EXERCISE BRIEF — Excluding pictures, what does the listing below contain from the line with "obrazek 1 Polo" up to and including the line with "Dulap Smartex N4", word for word?

INPUT DATA Start Marker

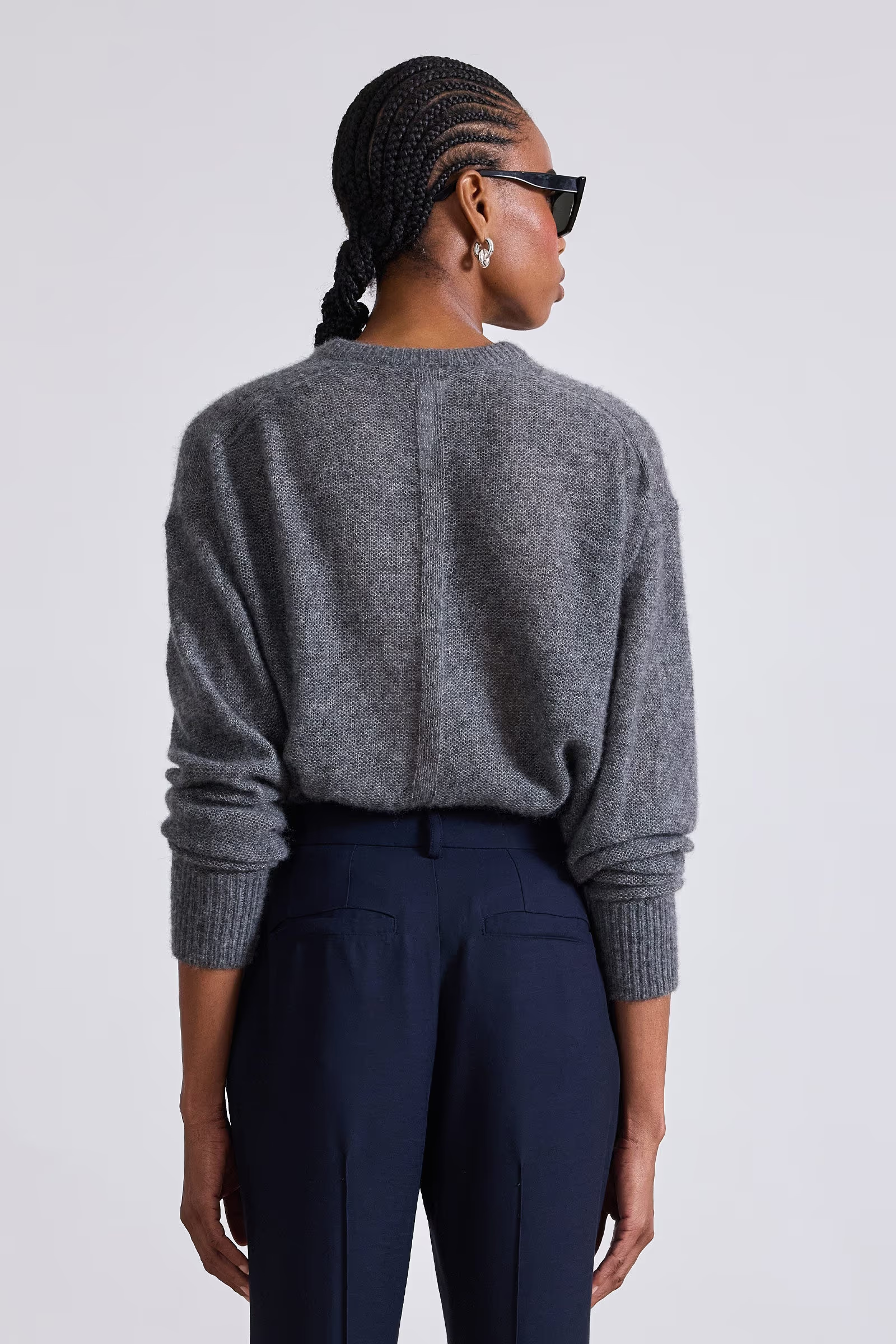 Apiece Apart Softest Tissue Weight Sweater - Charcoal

INPUT DATA End Marker
INPUT DATA Start Marker

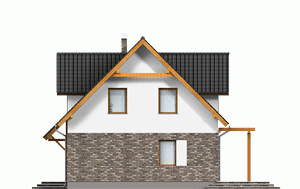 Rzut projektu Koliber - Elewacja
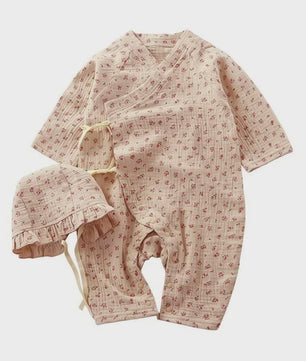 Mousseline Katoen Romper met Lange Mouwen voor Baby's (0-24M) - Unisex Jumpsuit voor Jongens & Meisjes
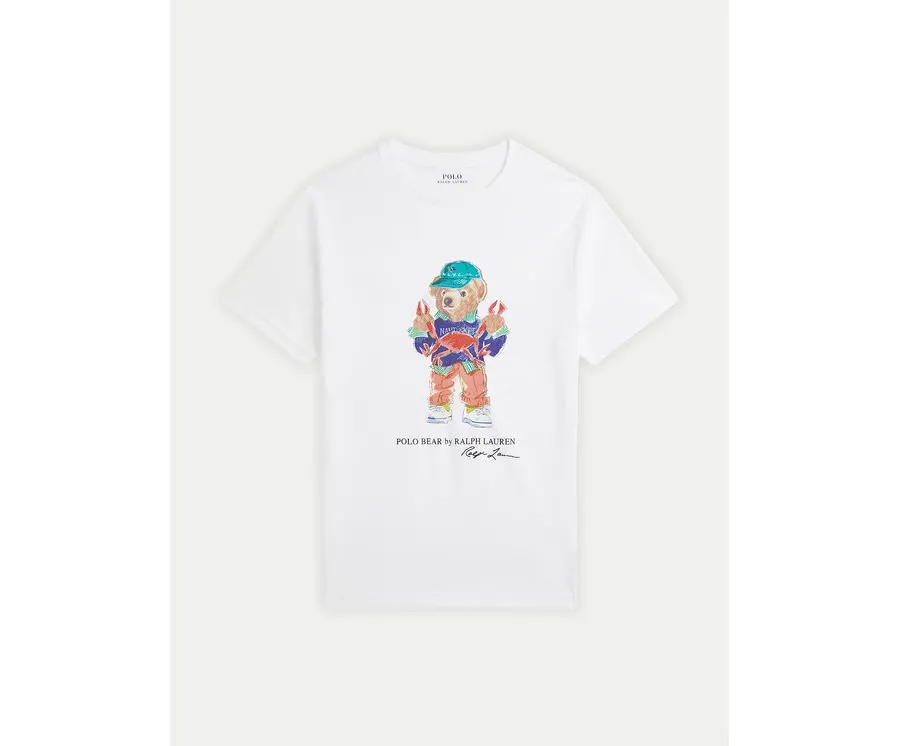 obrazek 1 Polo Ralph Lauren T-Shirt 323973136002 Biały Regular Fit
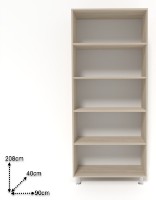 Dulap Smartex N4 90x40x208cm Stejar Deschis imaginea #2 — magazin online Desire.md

INPUT DATA End Marker

COMPLETED TASK —
 obrazek 1 Polo Ralph Lauren T-Shirt 323973136002 Biały Regular Fit
 Dulap Smartex N4 90x40x208cm Stejar Deschis imaginea #2 — magazin online Desire.md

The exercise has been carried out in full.